Padre giacomo annuì, poi gli pose le mani sulle spalle:
-Capisco figliolo: se qui non ti senti più a tuo agio è bene che torni alla tua famiglia. Ma sappi che non avrai scontato la tua pena fino in fondo. Un giorno verrà che te ne renderai conto, ma sarai troppo vecchio per saldare i debiti.
-forse ha ragione. Ma ho deciso: torno in Italia. Grazie per avermi ascoltato.
-Di niente, è stato un piacere per me, come sempre: scrivimi ogni tanto dall’Italia.
-Certo, lo farò di sicuro.
– che Dio di benedica figliolo.
-Grazie padre, ne ho bisogno.
La visita al missionario non gli aveva portato serenità, anzi: ai fantasmi, ai pensieri, alle parole di Zio Mamba e ai giornalieri tentativi di Frank di fargli cambiare idea, si aggiungevano le parole del sacerdote, specie quelle sulla pena non scontata.
Così, fece quello che faceva sempre: lavorava, lavorava e quando aveva finito, passava ore a preparare il lavoro del giorno dopo.

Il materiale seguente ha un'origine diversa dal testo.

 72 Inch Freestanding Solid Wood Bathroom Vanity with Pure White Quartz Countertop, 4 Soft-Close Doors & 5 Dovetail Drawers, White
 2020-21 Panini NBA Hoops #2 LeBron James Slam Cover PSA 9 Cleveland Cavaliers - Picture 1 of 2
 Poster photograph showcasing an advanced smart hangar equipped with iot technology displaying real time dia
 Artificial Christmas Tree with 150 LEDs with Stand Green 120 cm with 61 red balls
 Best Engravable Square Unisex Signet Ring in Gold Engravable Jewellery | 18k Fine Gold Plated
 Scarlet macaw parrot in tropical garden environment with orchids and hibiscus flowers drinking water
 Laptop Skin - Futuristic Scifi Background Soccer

Faceva in modo di arrivare a casa a notte inoltrata, tanto stando da riuscire a dormire come un sasso.

Erano ormai passati due mesi e mezzo dal suo rientro dal Congo, aveva già in tasca il biglietto aereo per l’Italia, aveva bruciato le tappe per cercare di aiutare il più possibile Frank a cavarsi d’impaccio.
Quel giorno aveva finito di lavorare un po’ prima del solito, era tornato a casa, s’era lavao e sbarbato e cambiato d’abito,s’era poi seduto sulla solita panca sotto al pergolato.

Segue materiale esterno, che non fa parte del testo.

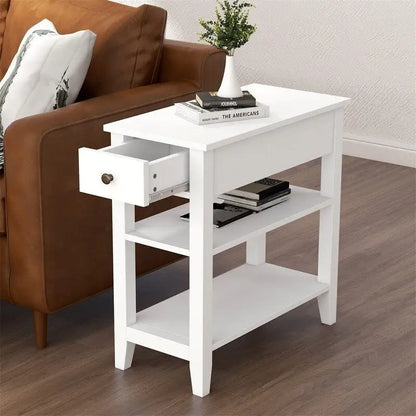 Narrow End Table with Drawer and Shelf - 11.22D x 23.62W x 24.02H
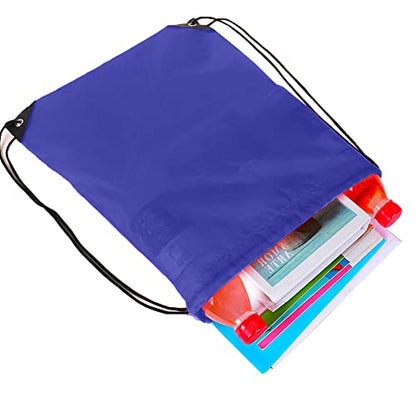 Bulk Drawstring Bags, Polyester Draw String Bags, Gym Sports Cinch Bag Drawstring Backpack for Women Men - color: Royal Blue
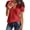 Red, variant on Baqcunre Women's Elarge Size 2023 New V-Neck Medium Long Loose Short Sleeve Tees Womens Clothes T Shirts for Women Womens Tops Plus Size Tops for Women,Khaki,L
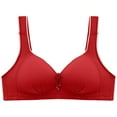 thumbnail image 4 of Gyexs Women's Full Bust Support Bra Thin Comfortable Breathable Lift Push Up Side Smooth Back Underwear, Red, Size XL, 4 of 5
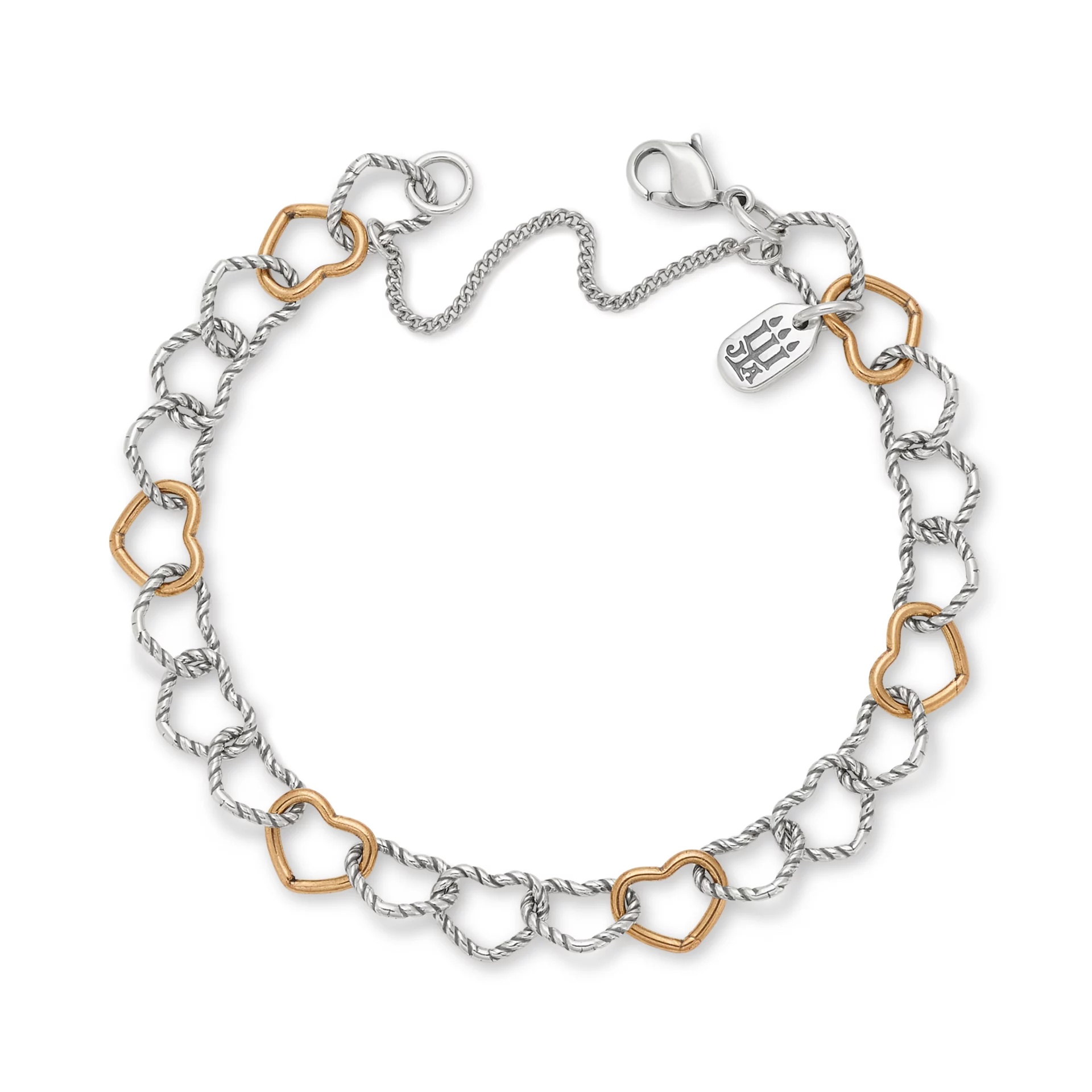 Twisted Wire Connected Hearts Charm Bracelet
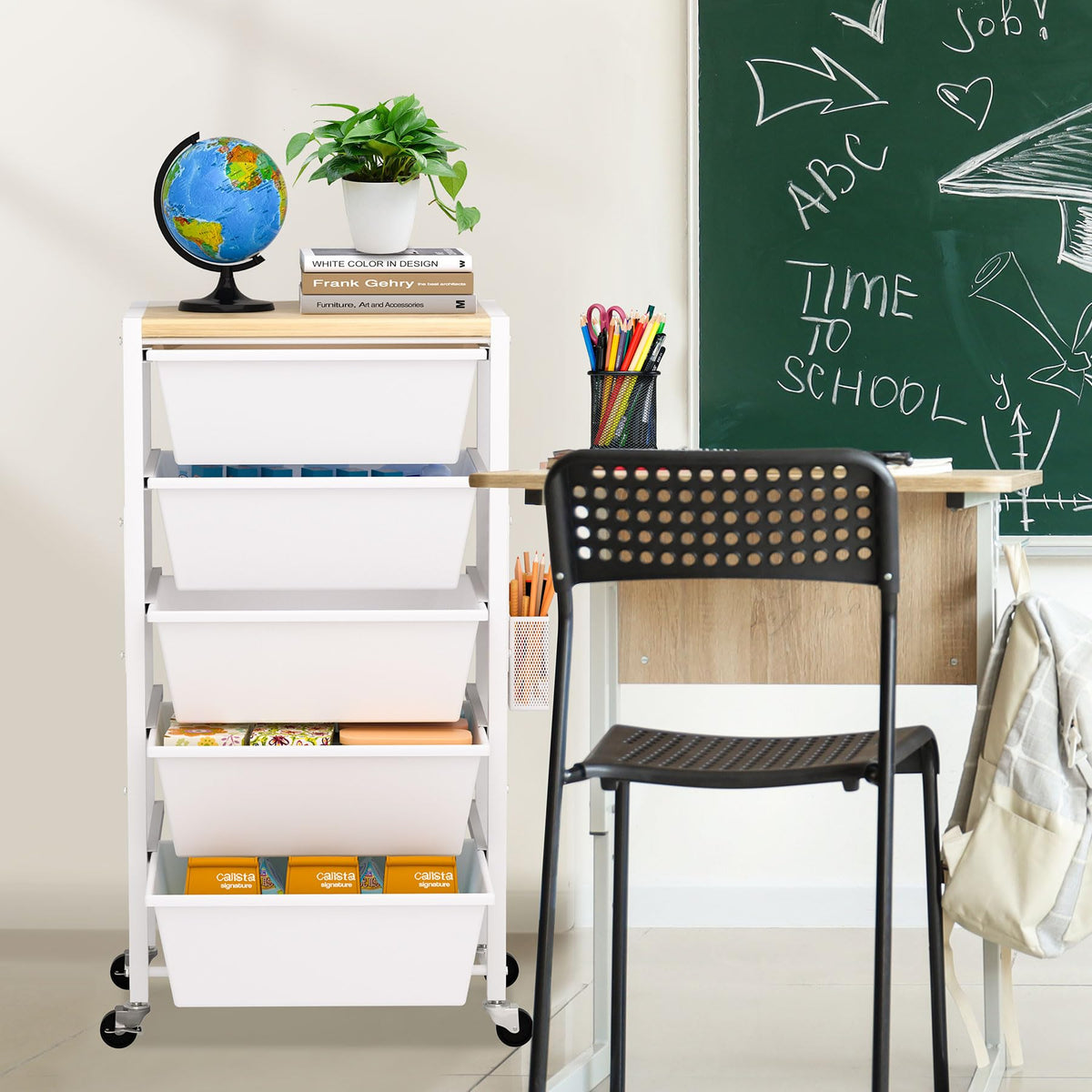 Rolling Storage Cart with 5 Plastic Drawers and Wooden Tabletop V926606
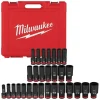 Milwaukee 29 Piece SHOCKWAVE Impact Duty 1/2" Drive SAE & Metric Deep 6 Point Socket Set 49-66-7016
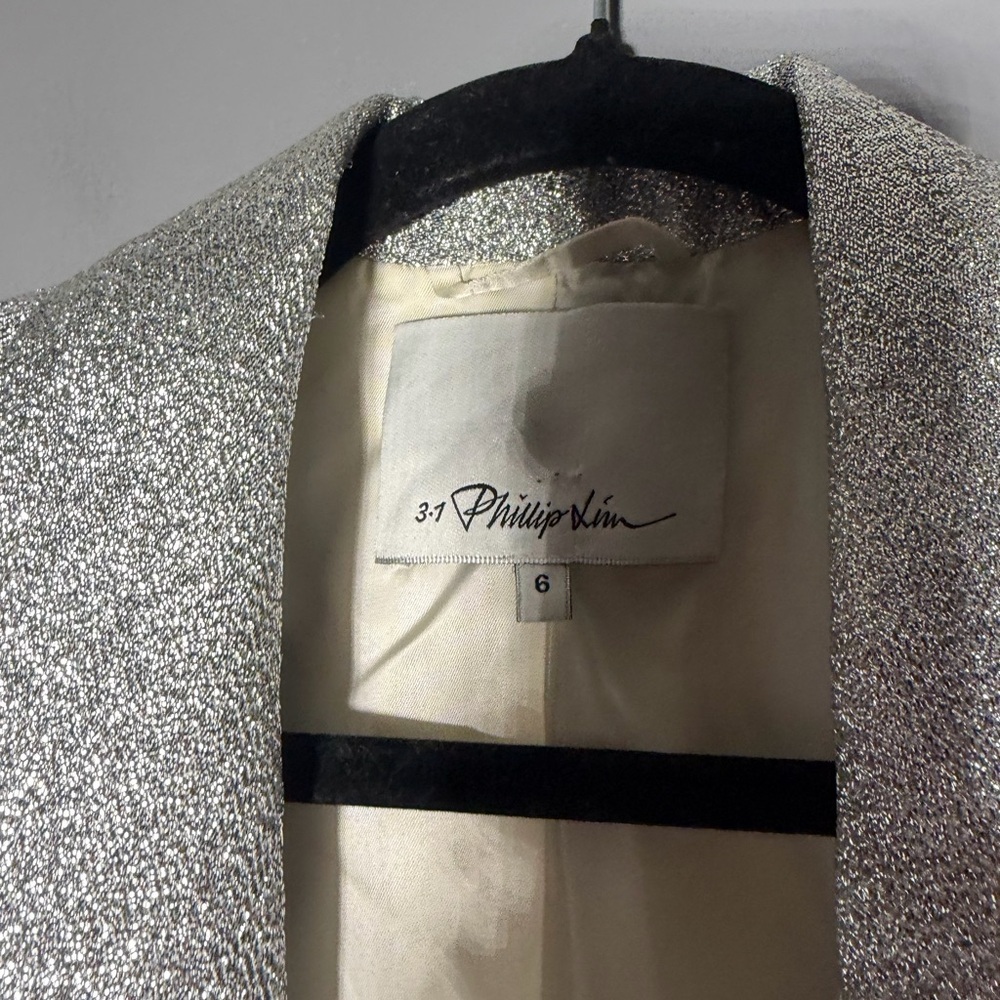 3.1 PHILLIP LIM Single-Breasted Metallic Blazer Size 6 - Picture 4 of 5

Aveva preso in mano il suo coltello ‘ da quella dannata notte non lo aveva più toccato- trovandolo scheggiato in più punti, soprattutto dove era stato colpito dal machete.
Prese la pietra diamantata, vi versò un po’d’acqua sopra e cominciò a restituirgli l’affilatura.
Era concentrato, si accorse dell’auto che si era fermata davanti al suo cancello solo quando questa ripartì.
Alzò lo sguardo nella luce del tramonto, vide la mercedes di Zio Mamba che ripartiva sputando fumo d’olio,il vecchio lo salutava con la mano.
Aveva lasciato un passeggero, il vecchio tassista, di fronte all’ingresso.
Nella luce aranciata la figura si voltò…
E lui vide due piccole perle nere di fra i capelli castano chiaro, sulla pelle di velluto.
La pietra gli sfuggì di mano; posò il coltello.
E sorrise.

Questo racconto è dedicato al mio amico Maurizio Barbini che nell’Africa australe la pelle l’ha rischiata veramente, e per questo è stato decorato con due medaglie.